Shouldn't that comparison be weighted by how frequent the words are? For example words in the top 100 usage would count for more than the top 1000 and the top 10000.
It would be a much different story if British English and American English had different words for "a car". Which, by the way, happens in Spanish dialects ("el coche" vs "el carro").
here (argentina, non-native) we usually say 'el auto' but have significant use of 'coche'. 'carro' means something different; using it for an automobile sounds mexican
but if you showed an argentine a picture of a car, they might very well say 'auto' while perhaps someone from elsewhere would say 'coche', leading to a basically incorrect point of difference being measured in this study between the two dialects
Why would it be incorrect? Sometimes two or three different words describe the same thing and that's ok. If you poll enough people you can get a rough idea if one version is more dominant that the other, if there's an even split, or if different regions in the same country prefer different versions. Similar to soda/pop/coke in the US.
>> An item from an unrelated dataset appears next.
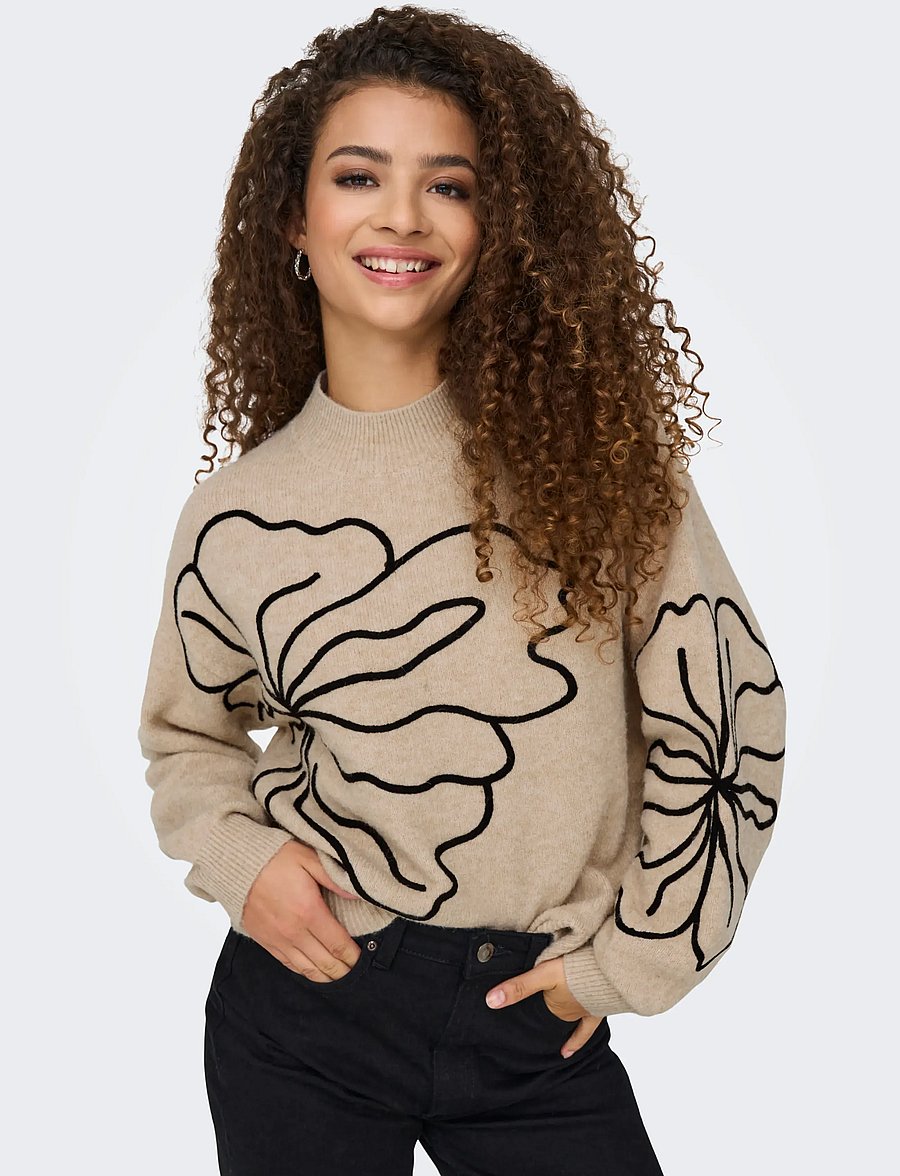 JDY - JDYJELLA L/S FLOWER PULLOVER KNT NOOS - cement - 4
You can design a study with a high level of data granularity. You could even track differences in pronunciation and grammar if you wish so.
because 'we usually say coche but sometimes say auto' is almost the same as 'we usually say auto but sometimes say coche', but they differ from 'we always say carro'. if a study is saying spanish is radically different in montevideo and in buenos aires, it's just wrong. this may not be the particular design error that resulted in these incorrect results, but it seems like a promising candidate
I think we're both in agreement. Perhaps my example of coche/carro was unfortunate and I didn't make my point clear enough.
A well-designed study, in my mind, would compare the usage of a varied bag of words. Starting from articles, pronouns, numbers, common verbs, then common objects, verb forms, less common adjectives, ending with uncommon objects and phrases. The compared words would be weighted based on their frequency. If two dialects have the same articles, pronouns, numbers, etc. and some differences in less frequent nouns, they would be similar rather than radically different - at least lexically. Things might look differently if we look at pronunciation.
I don't know what list of words was compared in the study linked in this subthread, so it's hard for me to say anything about it.
It would be a much different story if British English and American English had different words for "a car". Which, by the way, happens in Spanish dialects ("el coche" vs "el carro").